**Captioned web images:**
**********
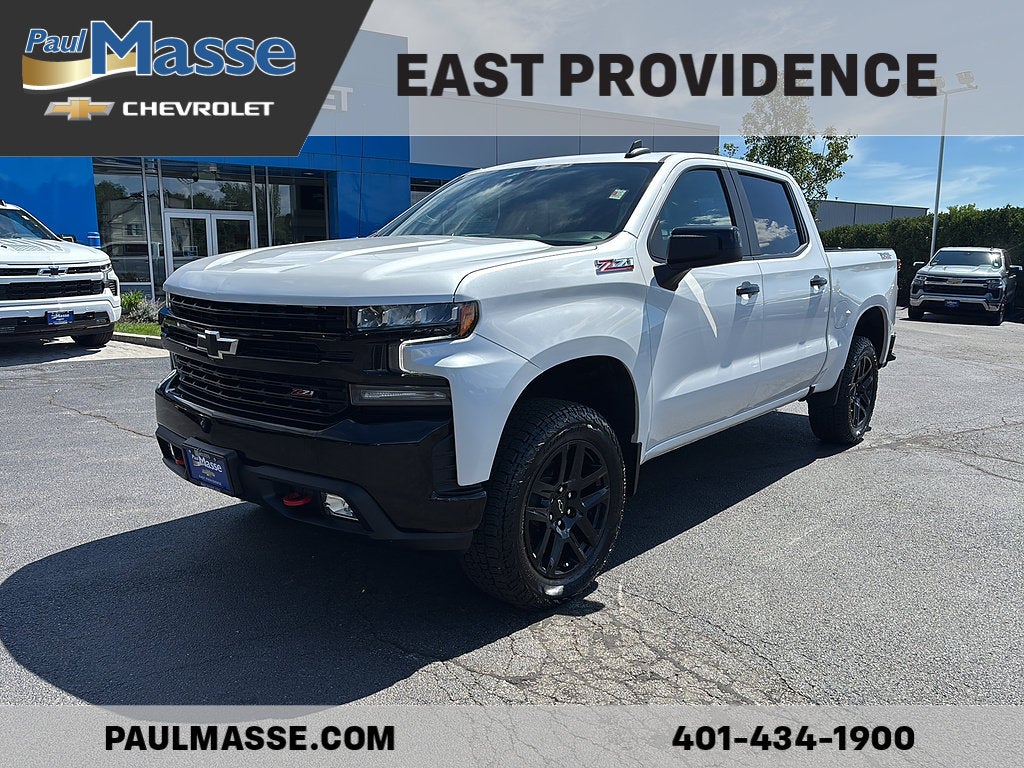 2022 Chevrolet Silverado 1500 LTD Crew Cab Short Box 4-Wheel Drive LT Trail Boss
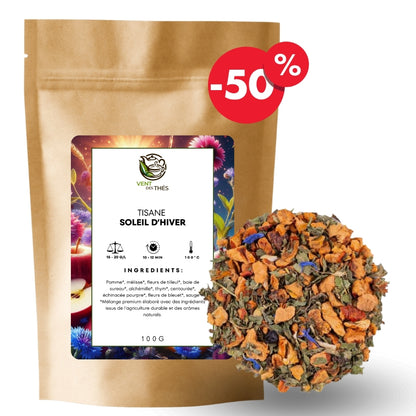 Tisane Soleil d'Hiver
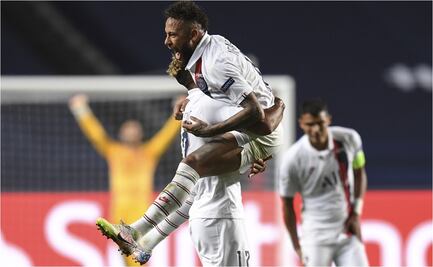 Los goles del París Saint-Germain en la Champions League 2019/20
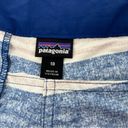 Patagonia  Women's Wavefarer Striped Board Shorts Sz 10 Photo 6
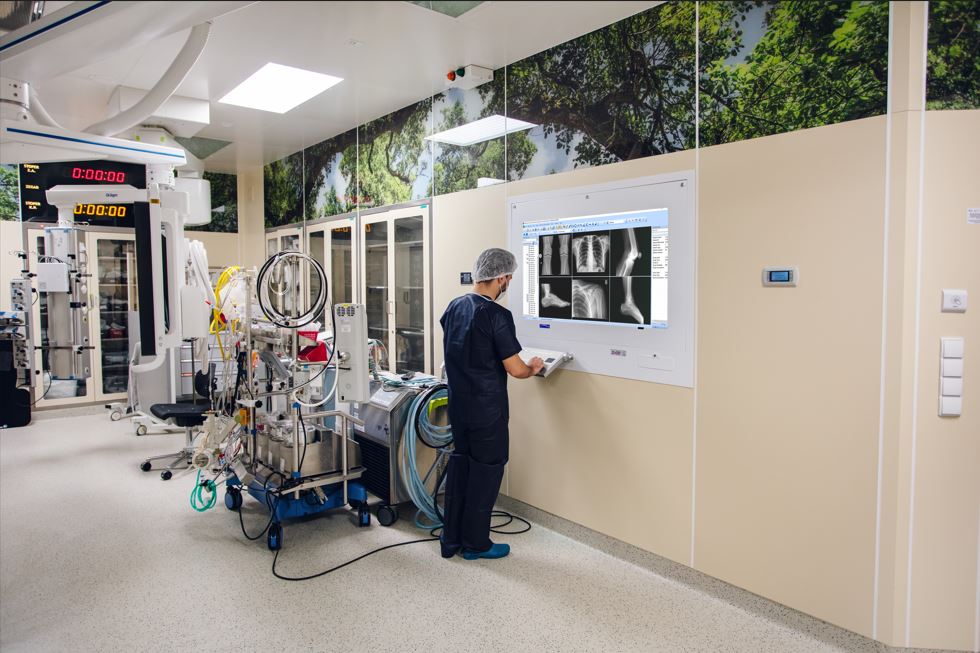 DiCO station in hospital
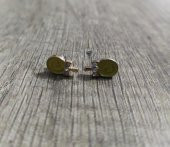 Hdmarketim Dondurma Figürlü Swarovski Taşlı Sarı Küçük Küpe - 3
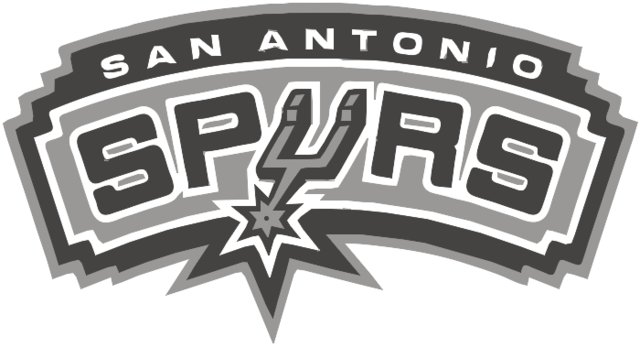 Stencil of San Antonio Spurs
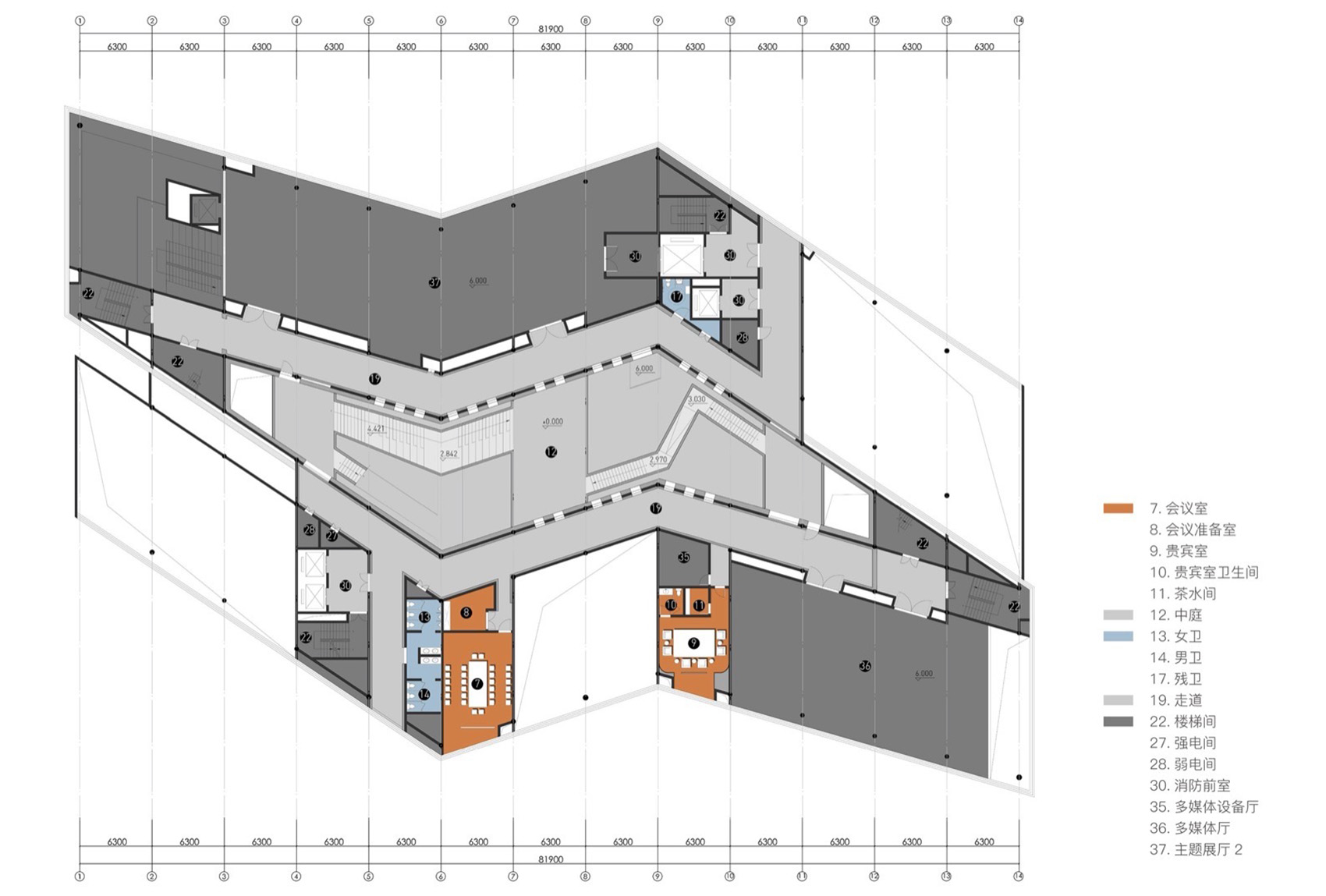 戏曲百戏博物馆丨中国江苏丨张·雷设计研究 azLa,南京长江都市建筑设计股份有限公司-70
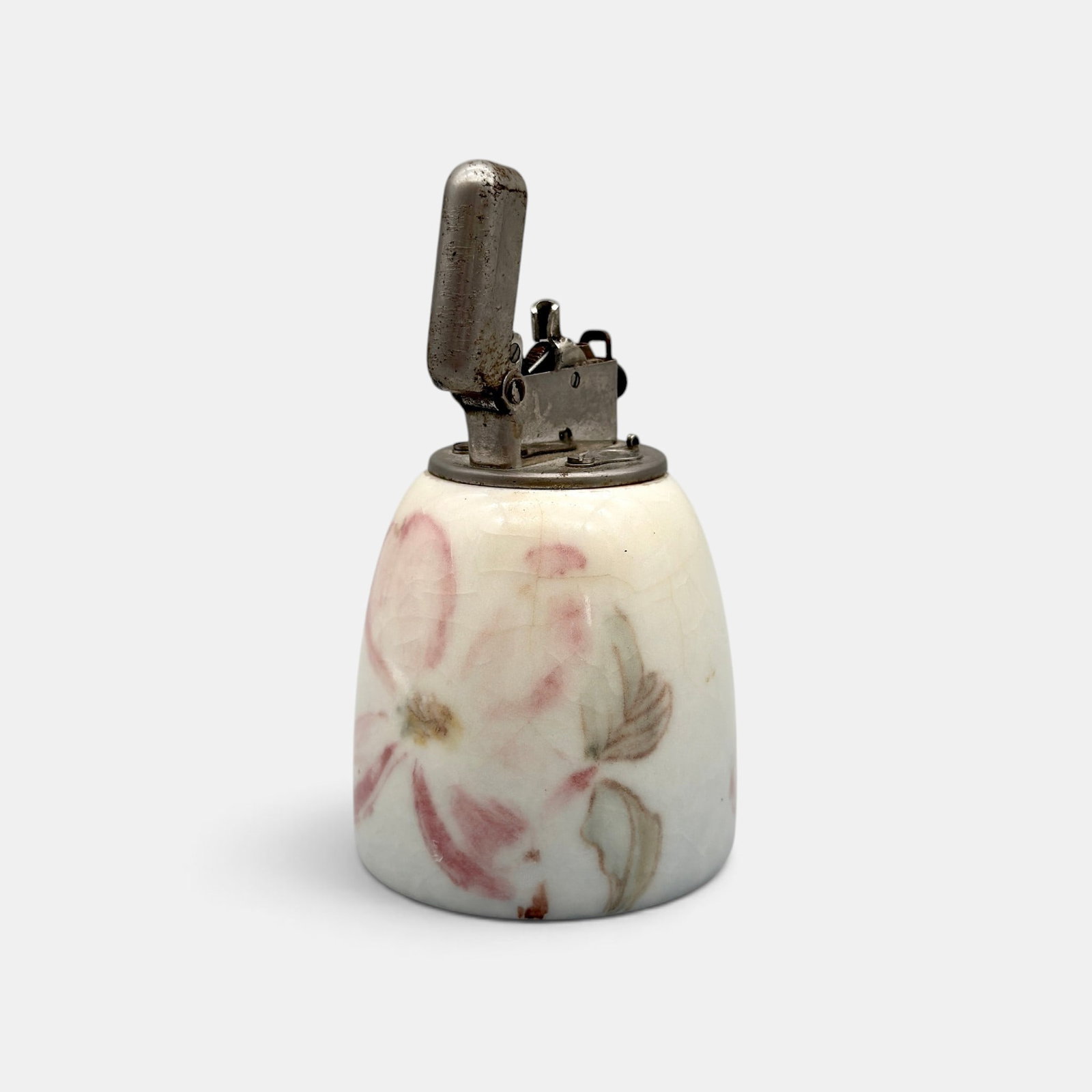 Rookwood lighter with dogwood decor, 1946 (1 of 4)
**********
**Task statement:** From the line containing "Patagonia  Women's Wavefarer" to the last line of the entries, output every line exactly as written, but leave out the pictures.

**Result below:**
 Patagonia  Women's Wavefarer Striped Board Shorts Sz 10 Photo 6
 DiCO station in hospital
 Hdmarketim Dondurma Figürlü Swarovski Taşlı Sarı Küçük Küpe - 3
 Stencil of San Antonio Spurs
 戏曲百戏博物馆丨中国江苏丨张·雷设计研究 azLa,南京长江都市建筑设计股份有限公司-70
 Rookwood lighter with dogwood decor, 1946 (1 of 4)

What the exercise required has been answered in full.